How to get the target by adding using python

Question

I have one list and one target number.

• I need to print the number of ways to reach target

l = [1,2,3]

target = 5

Number of ways is below

• 1+ 1 + 1 + 1 + 1 = 5
• 1 + 1 + 1+ 2 =5
• 1 + 2 + 2 = 5
• 1 +1 +3 =5
• 2 + 3 = 5

Output 5 ways

def countways(l, target ):

    if (target  == 0):
        return 0
    else:
        pass
if __name__ == "__main__":
     l = [1,2,3], 
     target = 5
     countways(l, target )

Can we do it using native python or itertools?

Answer 1

I will assume all numbers are positive.

You can use itertools to check all combinations_with_replacement, as proposed by Ann, but it will get unnecessarily slow for large inputs as there are exponentially many combinations.

Naive recursive approach

This version uses the recursion approach Nevetha described, which allows to early-return out of branches where no matches will ever be found, but should do it with replacement.

As with the other results: It is fairly easy to extend to print the actual summands.

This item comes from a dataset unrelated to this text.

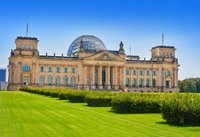 Das Reichstagsgebäude Berlin Deutscher Bundestag in Deutschland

We would simply add an optional, third parameter that gives the summands so far, and print it in the target == 0 case.

def countWays(elements, target):
    if target < 0:
        return 0

    if target == 0:
        return 1

    total = 0
    for index, element in enumerate(elements):
       total += countWays(elements[index:], target - element)
 
    return total
 
 
if __name__ == '__main__':
    print(countWays([1, 2, 3], 5))
    print(countWays([5, 31, 32, 33, 34, 35, 36, 37, 38, 39, 40], 30))
    print(countWays([2, 3, 5, 7, 11, 13, 17, 19, 23, 29, 31, 37], 40))
    print(countWays([1, 2, 3, 4, 5], 200))

DP algorithm

As you can see, for the target of 200, this already takes quite some time to execute. This is because at the end of the recursion, we always only add one to our result. This can be improved by using dynamic programming -- either by simply adding caching (example code, of course the global variable shouldn't be used in any real program):

cache = {}
def countWays(elements, target):
    global cache

    if target < 0:
        return 0

    if target == 0:
        return 1

    cache_key = (tuple(elements), target)
    if cache_key in cache:
        return cache[cache_key]

    total = 0
    for index, element in enumerate(elements):
       total += countWays(elements[index:], target - element)

    cache[cache_key] = total
    return total

or by directly building the dp array as already discussed here:

def countWays(elements, target):   
    dp = [1] + [0] * target
    for element in elements:
        for i in range(0, target - element + 1):
            dp[i + element] += dp[i]
    return dp[target]

Answer 2

You can use the itertools.combinations_with_replacement() method:

from itertools import combinations_with_replacement as cwr

def countways(l, target):
    return len([1 for i in range(target) for j in cwr(l, i + 1) if sum(j) == target])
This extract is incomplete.